Huge Japan pension fund sees worst loss since financial crisis: official

Tokyo - Japan's mammoth public pension fund has suffered its biggest annual loss since the global financial crisis, an official said Friday, risking criticism of its move to a stocks-focused strategy.

The news comes as Prime Minister Shinzo Abe fends off accusations that his administration tried to delay the official release of the fund's results until after parliamentary elections next week.

An official at the health ministry, which oversees the Government Pension Investment Fund (GPIF), the world's biggest, confirmed it is on track to report a whopping 5.0 trillion yen (S$65 billion) shortfall for the fiscal year that ended in March.

The official, who asked not to be named, said the figure was mentioned at a closed-door meeting on Thursday.

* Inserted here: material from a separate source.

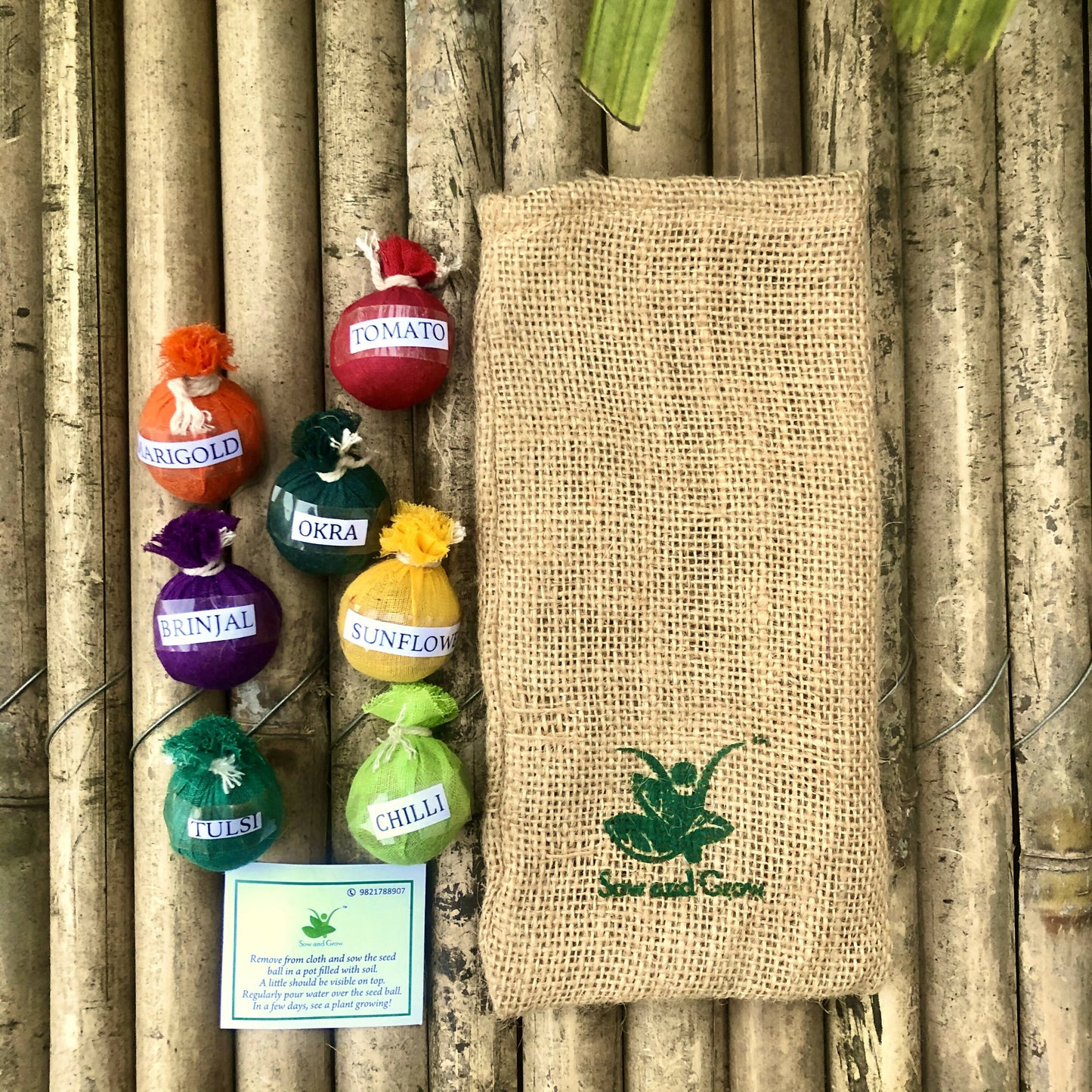 7 Plantable Seed Balls in a Jute Potli with 7 Assorted Seeds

"But we can't comment officially until after the GPIF announces its performance on July 29," the official said.

In previous years, the fund's results have been released in early July rather than later in the month.

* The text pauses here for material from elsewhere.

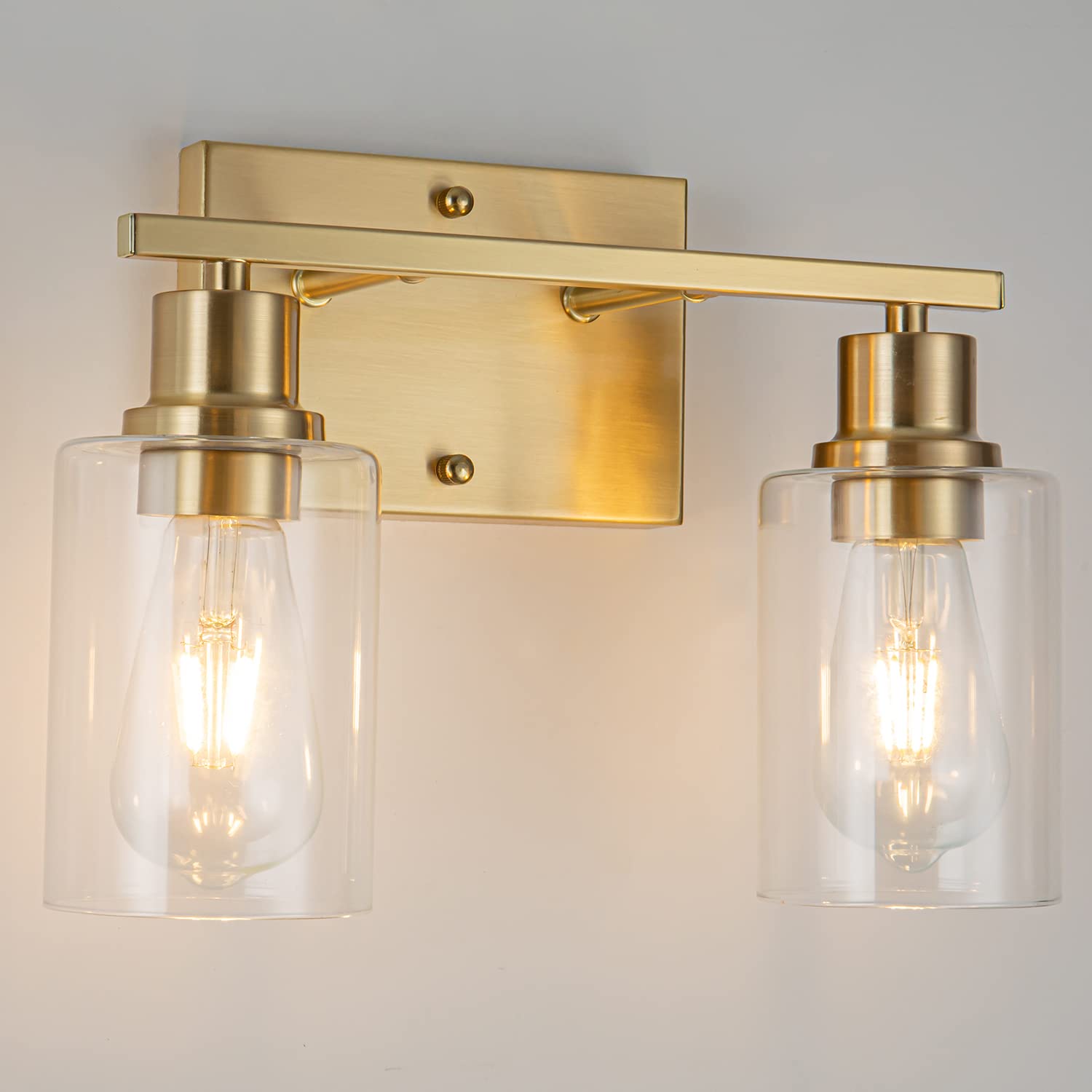 Filimitiy 2-Lights Gold Bathroom Light Fixture, Brushed Brass Vanity Light With Clear Glass Shade, Modern Bath Wall Lights For L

The fund's previous loss record was an eye-watering 9.3 trillion yen in the year that ended in March 2009, as world financial markets plunged after Lehman Brothers' bankruptcy in September 2008.

The latest loss is partly tied to a tumble in equity markets last summer sparked by fears over China's economy and its shock yuan devaluation.

Japan's $1.37 trillion pension fund, which towers over its nearest competitor, Norway's pension plan, has nearly doubled the amount of equities in its bond-heavy portfolio to generate higher returns.

The move is aimed at financing the needs of Japan's soaring number of retirees who depend on payouts from the fund.

In 2014, the GPIF announced it would start a move to double its stock holdings from 24 per cent to 50 per cent.

The conservative fund had long kept the majority of its cash in super-safe and super-low return Japanese government bonds, generating anaemic returns.

In an interview with AFP this week, its chief Norihiro Takahashi acknowledged that the shock of Britain's vote to leave the European Union and a subsequent jump in the yen - bad news for exporters - would hit its performance.

But he said he will stay the course on the stocks-focused investment strategy, believing prices will soon settle.

The decision to release the figures at the end of this month has sparked claims by the opposition Democratic Party that the government is trying to hide the huge loss.

Abe has repeatedly disputed those claims, and the fund itself also rejected the accusations, saying instead that it needed to finish a once-in-a-decade review of its portfolio before publishing the numbers.

Japan's parliamentary elections are seen as a referendum on Abe's faltering plan to boost Japan's economy, although his premiership will not likely be contested.

Half of the 242 seats in Japan's upper house are up for grabs in the July 10 vote.